If you would like more about the Academy please read on. A cut above…
The opportunities available in hairdressing are endless. Never have there been so many exciting possibilities at the cutting edge of the fashion, style and grooming business. And with TV programmes such as The Salon still being popular, hairdressing is fast becoming one of the most popular choices for school-leavers. Successful hairdressers can take their pick from many top beauty jobs – preparing supermodels, working on magazines and photos shoots, or tending the locks of the rich and famous. What’s more, with irish and UK hairdressing regarded as the best in the world, there is ample opportunity to travel internationally and show off your skills abroad. However, hairdressing isn’t just about glamour. It requires hard work and dedication. The hours are long and sometimes unsociable, but the rewards more than make up for it. After all, how many jobs give you the chance to be creative, try out new things and meet new people each and every day? And how many professions give you the very real chance to set up and run your own successful business well before your 30th birthday?
Is it for me?
Some people have known since childhood that they wanted to be a hairdresser.
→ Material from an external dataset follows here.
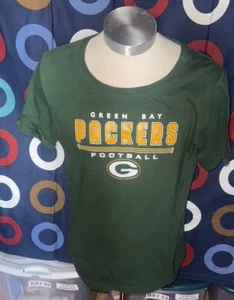 NFL Team Apparel Green Bay Packers Women's T-shirt - Size 2XL - Picture 1 of 4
Others fall into it by accident. Others still turn to it after first embarking on another path in life – top UK hairdresser Charles Worthington first studied Architecture at university before becoming one of the top names in hairdressing. And The Salon star Adee Phelan was originally a painter and decorator!One thing’s for sure, most of those who try it are bitten by the bug. Not to mention the thrill of doing a job that allows you to be artistic and creative. On top of that there is the best feeling of all – the satisfaction that your work has helped brighten up someone’s day.
How do I get there?
UK and Irish hairdressing is rightly regarded as the best in the world. Much of this is to do with the high standard of our qualifications. Without these qualifications you’re unlikely to get far. Even the top names who grace our TV screens with makeovers or the column inches of newspapers with beauty tips had to start somewhere. No specific qualifications are needed to become a hairdresser, but good points in your Leaving Certificate in English, Science and Maths are recommended. Colleges and employers also look for other qualities such as, communication and people skills, stamina, patience, enthusiasm, and reliability.
The standard qualification for hairdressing is ITEC Diploma Level 3, which can be studied at most colleges. If your ambition is to be a manager or a salon owner, or if you fancy yourself as the next top Irish hairdresser, then obtaining the Mags Browne hairdressing Academy ITEC Diploma in Hairdressing level 3, is the first step on the career ladder.